Most of the incidents where presumptively conservative speech has been interrupted or squelched in the last two or three years seem to involve the same few speakers: Milo Yiannopoulos, Ben Shapiro, Charles Murray, and Ann Coulter ,” Sanford Ungar, the Free Speech Project’s director, writes. “In some instances, they seem to invite, and delight in, disruption.”

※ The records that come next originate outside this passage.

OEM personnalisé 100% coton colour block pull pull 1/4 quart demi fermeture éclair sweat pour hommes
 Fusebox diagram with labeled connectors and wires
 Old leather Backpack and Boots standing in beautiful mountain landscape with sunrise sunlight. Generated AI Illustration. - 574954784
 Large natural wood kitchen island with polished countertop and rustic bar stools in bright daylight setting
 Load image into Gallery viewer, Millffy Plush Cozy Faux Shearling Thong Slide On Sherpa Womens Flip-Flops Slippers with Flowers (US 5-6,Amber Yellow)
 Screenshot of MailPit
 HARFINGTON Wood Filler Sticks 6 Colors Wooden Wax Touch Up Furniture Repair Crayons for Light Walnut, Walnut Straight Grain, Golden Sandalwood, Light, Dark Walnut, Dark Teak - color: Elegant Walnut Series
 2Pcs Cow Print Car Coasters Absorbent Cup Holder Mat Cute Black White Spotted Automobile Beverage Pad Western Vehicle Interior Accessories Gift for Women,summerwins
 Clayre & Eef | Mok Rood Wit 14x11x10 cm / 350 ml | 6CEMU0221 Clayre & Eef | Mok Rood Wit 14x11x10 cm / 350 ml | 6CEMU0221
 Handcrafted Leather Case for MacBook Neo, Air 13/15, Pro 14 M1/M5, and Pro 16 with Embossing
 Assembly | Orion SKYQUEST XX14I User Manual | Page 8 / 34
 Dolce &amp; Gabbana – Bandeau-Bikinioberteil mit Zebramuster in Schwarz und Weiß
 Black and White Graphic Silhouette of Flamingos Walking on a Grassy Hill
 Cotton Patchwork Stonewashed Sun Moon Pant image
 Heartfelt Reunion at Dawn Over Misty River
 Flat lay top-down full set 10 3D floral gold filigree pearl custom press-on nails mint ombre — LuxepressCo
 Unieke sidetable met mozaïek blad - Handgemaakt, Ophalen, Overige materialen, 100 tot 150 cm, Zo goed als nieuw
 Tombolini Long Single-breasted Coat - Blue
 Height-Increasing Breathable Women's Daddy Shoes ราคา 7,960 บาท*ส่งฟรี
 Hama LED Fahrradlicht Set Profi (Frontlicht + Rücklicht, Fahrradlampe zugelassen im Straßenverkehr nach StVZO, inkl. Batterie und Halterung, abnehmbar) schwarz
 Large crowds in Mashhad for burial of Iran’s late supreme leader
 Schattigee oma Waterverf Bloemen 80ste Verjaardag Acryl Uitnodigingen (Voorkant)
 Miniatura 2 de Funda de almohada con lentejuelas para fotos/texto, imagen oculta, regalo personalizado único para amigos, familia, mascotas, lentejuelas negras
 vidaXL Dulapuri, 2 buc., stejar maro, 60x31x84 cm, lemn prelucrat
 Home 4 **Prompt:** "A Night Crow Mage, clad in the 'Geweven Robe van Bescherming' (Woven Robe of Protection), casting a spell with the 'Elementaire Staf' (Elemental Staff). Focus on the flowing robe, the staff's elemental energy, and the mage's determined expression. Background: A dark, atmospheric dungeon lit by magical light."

What Ungar is suggesting here is that the “campus free speech” crisis is somewhat manufactured. Conservative student groups invite speakers famous for offensive and racially charged speech — all of the above speakers fit that bill — in a deliberate attempt to provoke the campus left. In other words, they’re trolling. When students react by protesting or disrupting the event, the conservatives use it as proof that there’s real intolerance for conservative ideas.

 

CAN thus opposes providing platforms for fascist speakers on college campuses. We oppose our communities being used as opportunities for fascists to pursue campaigns of self-promotion,  terror and silencing dissent. As institutions of higher education, our communities develop cultures of rigorous inquiry and democratic inclusion, so in principle there should be no requirement to welcome those who would use this openness as a platform for their violent exclusions. There is also a special irony in the fact that when fascists do come to campus their astronomical security costs are literally paid for by the communities they make less safe. U.C. Berkeley, for instance, paid $800,000 for security on one Milo Yiannopolous event. Free speech is indeed not free when the powerless always pay the speech-costs of the powerful.

 

Our position is supported by legal precedent. As legal scholar Dan Siegel has noted, the Supreme Court ruled in 1969 that “there is no free speech right to advocate violence when there is a likelihood that violence will actually occur…. [it] confirmed that while ‘mere advocacy’ cannot be forbidden, ‘incitement to imminent lawless action’ is not protected (Brandenburg v. Ohio).”

 

There is already abundant and direct evidence that Fascists attempt to use “Free Speech” not to converse and debate, but to harass, intimidate, provoke, and recruit people to their reactionary social program. In a piece that appeared in The Nation, for example, we explained how campus administrators are not letting in “new ideas,” but rather opening their doors to fascist agitators who intend to harm their opponents through doxing, intimidation, online harassment and stalking. CAN seeks to safeguard and guarantee the rights of antifascist student protesters whose online accounts are hacked, or who are recorded in class or at campus protests only to find such videos highly edited and posted online by alt.right groups like Turning Point USA with the purpose of stoking anger, harassment, and violent threats. Fascist “free speech” advocates are trying to shout down those with the courage to protest their social program of violence.The hollowness of fascists’ reliance on “free speech” is apparent in their attempts to silence dissent and prevent CAN and those of similar good will from protecting our communities against their attacks.

 

Arthur Rosenberg, in 1934, noted that the key element in the rise of fascism in Germany was not mass support, but acceptance of fascist ideology in mainstream society. Today’s adherents of the same murderous, genocidal ideologies that sent the world into war are trying to force their way into our media and educational institutions, and broaden the ‘Overton Window’ of acceptable political discourse to include violent racism and ethnic cleansing - and yet appear at the same time as the legitimate heirs to a democratic society. Only the best students of Joseph Goebbels would be trying to convince society that they are more acceptable than their victims. It is our intent to not let them succeed.